A cue is a signal, as to an actor, to make an entrance, commence a speech, or perform some action. “You sockdologizing old man-trap,” a line in Tom Taylor’s 1858 comedy Our American Cousin, may be the most notorious cue in history, as the audience laughter it inspired was expected by John Wilkes Booth—an actor, but not in this particular play—to smother the sound of his gunshot as he assassinated Abraham Lincoln.
To cue is to give a cue. To take a cue is to model one’s behavior or actions on someone else’s.
A queue is a ponytail, often braided, of the sort traditionally worn by, among others, Chinese men. More commonly, a queue is a line of people waiting for something. (Did you know that a line of people walking in pairs is called a crocodile?) A queue is also the lineup of DVDs you have waiting for you at Netflix, if you happen to still watch DVDs.
To queue, then, is to get in line. This is often phrased “queue up,” which should not be confused with “cue up,” which is to get a thing ready to commence (as, say, a PowerPoint presentation or what older people would call a slide show).

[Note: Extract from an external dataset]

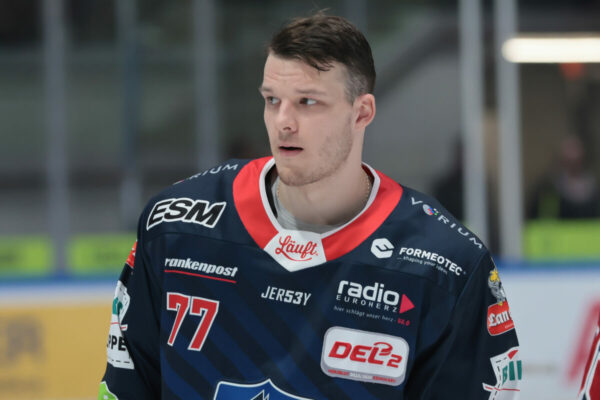 Del 2 Selber Wölfe Ec Kassel Huskies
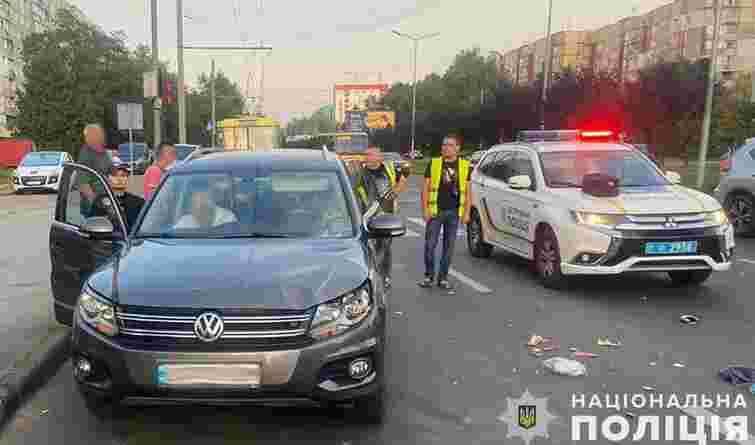 Суд виніс вирок 81-річному водію кросовера за смертельну ДТП на переході у Львові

“Queue” was, not long ago, a terribly British verb, and for Americans to say that they were “queuing up” for this or that was the height of pretension. I’m not certain when the term arrived in the United States, but it certainly seems to have its green card by now.
DAIRY/DIARY
You are unlikely to confuse their meanings; you may well confuse them while typing. Nuff, as they say, said.
DEFUSE/DIFFUSE
To defuse is, literally, to remove a fuse, as from a bomb, to keep it from blowing up. Figuratively, if you’re trying to calm down a roomful of ornery people, you’re defusing a thorny situation.
The adjective “diffuse” means unconcentrated (as, say, “diffuse settlements in a vast territory”). As a verb it means “to spread” (as air freshener may diffuse, or be diffused, through a room).
DEMUR/DEMURE/DEMURRAL
To demur is to voice opposition or objection; perhaps because the word, spoken, makes a gentle burring noise (or perhaps because it looks like “demure”), it’s often used to suggest polite opposition.
“Demur” is also a noun, as one may accept someone else’s decision without demur (or, if you prefer, demurral). “Demur” and “demurral” also carry a less frequently used meaning: delay.
To be demure is to be modest or reserved.
DESCENDANT/DESCENDENT
Use the former as a noun, for progeny and progeny’s progeny; use the latter as an adjective to describe said progenies, or to describe something moving downward.
Each is occasionally, and unhelpfully, defined as meaning the other.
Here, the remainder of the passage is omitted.